The door opened and a man and a woman came out. They were laughing convivially with someone who remained invisible. The man — tall and black — put on a fedora with a little bluish feather, which went perfectly with his dapper navy blue suit, snug on his wide shoulders, and his alligator boots with little explosions on his toes. The woman was pale and slim, with blond boyish hair and a pointy chin. She had a tight, muscular body, like a long-distance runner, and a beautiful lean neck. She kept the tip of her finger on her chin as she listened to the man inside, who said: “What you wanna do is get some pictures.” Pronek imagined touching gently the back of her neck, below the little tail of hair on her nape, and he imagined the tingle that would make her shudder. “You bet,” the woman said, stepping out of the waiting room, barely glancing at Pronek. “You got yourself a client, Owen,” the dapper man said, following the woman, and a head sprung out of the door, eyes bulging to detect Pronek. “Gee, a client,” the head said, and the couple giggled as they closed the door. “Why don’t you come in.”

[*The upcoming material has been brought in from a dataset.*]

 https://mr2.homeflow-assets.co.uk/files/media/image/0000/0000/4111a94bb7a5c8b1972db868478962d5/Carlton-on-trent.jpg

Pronek followed the man inside, closing the croaking door behind him. The room was bright, its windows looking at Grant Park and the dun lake beyond it, waves gliding toward the shore. There was a sofa with a disintegrating lily pattern and a coffee table with a chess board on it. Pronek landed in the sofa and the fissures between the cushions widened and gaped at Pronek’s thighs.
“My name is Taylor Owen,” the man said.
“I am Pronek,” Pronek said. “Jozef Pronek.”
“Good to meet you, Joe,” Owen said.
Owen had sweat shadows under his armpits and a hump on his back, as if there were a pillow under his beige shirt. His tie was watermelon red, tightly knotted under his Adam’s apple, which flexed sprightly like a Ping-Pong ball as he spoke. He was bald, with a little island of useless hair above his forehead and a couple of grayish tufts fluffing over his ears. He sat behind a narrow desk piled with papers, the back of his head touching the wall as he leaned in his chair.
“I called. I talked to somebody,” Pronek said, “about the job. I thought you need the detective.”
“The detective?” Owen chortled. “Lemme guess: you seen a few detective movies, right? The Bogart kind of stuff?”
“No,” Pronek said. “Well, yes. But I know it is not like that.”